Die UN haben das Jahr 2015 zum Internationalen Jahr des Bodens ausgerufen. Sie wollen damit auf die Bedeutung des Bodens und seine Funktionen hinweisen. Der Boden ist eine wichtige Ressource. Er ist der drittgrößte Speicher von Kohlenstoff und spielt so eine erhebliche Rolle im Klimaschutz. Auch als Filter für das Grundwasser benötigen wir den Boden. Meine Anfrage und die Antworten des Senats finden Sie hier.

Deshalb brauchen wir Bodenschutz, um den Boden und seine Funktionen zu erhalten. In Berlin sind diese Funktionen insbesondere durch Altlasten bedroht. Leider wurde über Jahrzehnte bei der industriellen Nutzung vieler Flächen wenig Rücksicht auf den Verbleib der Schadstoffe genommen. Diese Stoffe befinden noch heute in den Berliner Böden und gefährden zum Teil das Trinkwasser.

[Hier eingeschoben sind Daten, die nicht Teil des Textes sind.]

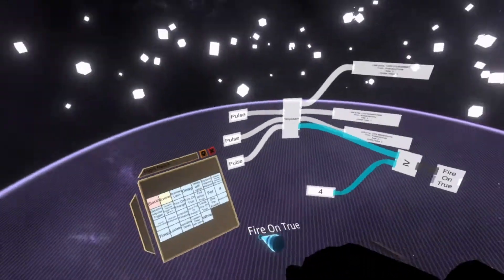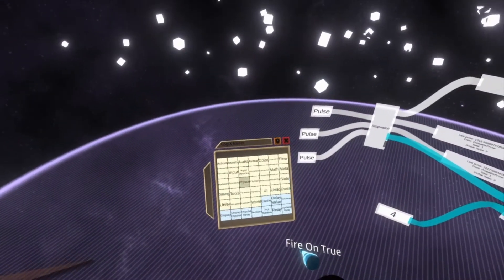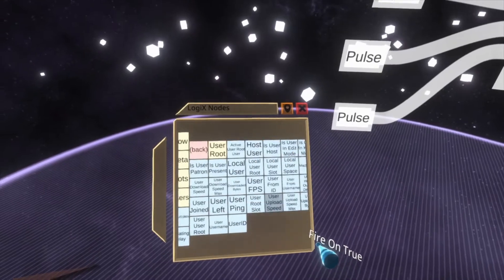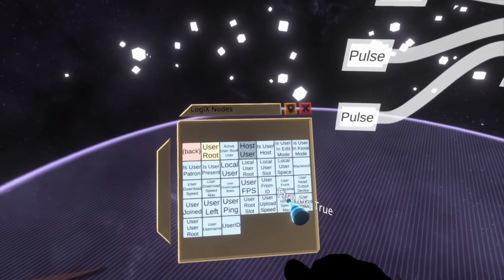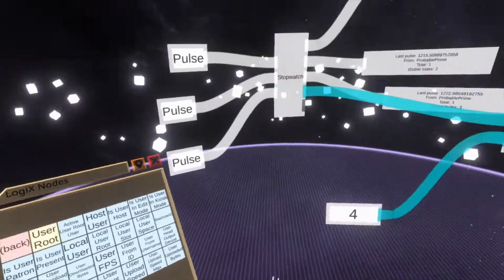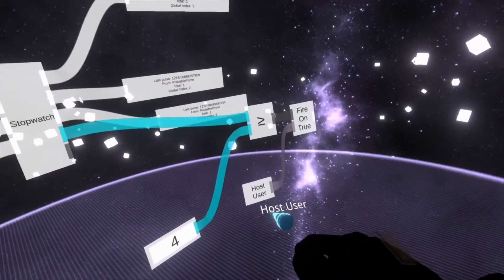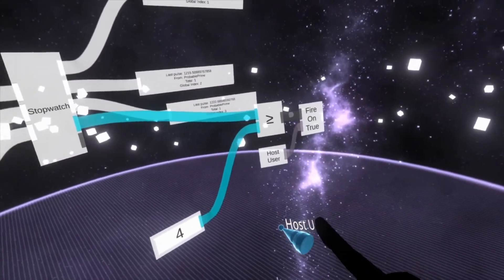For a fire on true, especially with a sound, I do recommend putting a user in. The best user for this sort of thing is either host user or local user. In this case, we'll use host user just for speed.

In einer Anfrage habe ich den Senat gefragt, wie belastet die Berliner Böden sind. Im Altlastenkataster werden aktuell 1378 Flächen mit Altlasten oder schädlichen Bodenveränderungen geführt. Circa 700 Flächen mit Altlasten oder unter Altlastverdacht liegen im Trinkwasserschutzgebiet. Die Antworten des Senats zeigen: Der größte Teil der Flächen ist noch nicht saniert.Trotzdem sieht der Senat keine Notwendigkeit für einen Altlastensanierungsfond. Ebensowenig plant der Senat, einen Bodenzustandsbericht für Berlin zu erstellen.

Image Paul Schulze / Humboldt Universität zu Berlin (CC-BY 4.0)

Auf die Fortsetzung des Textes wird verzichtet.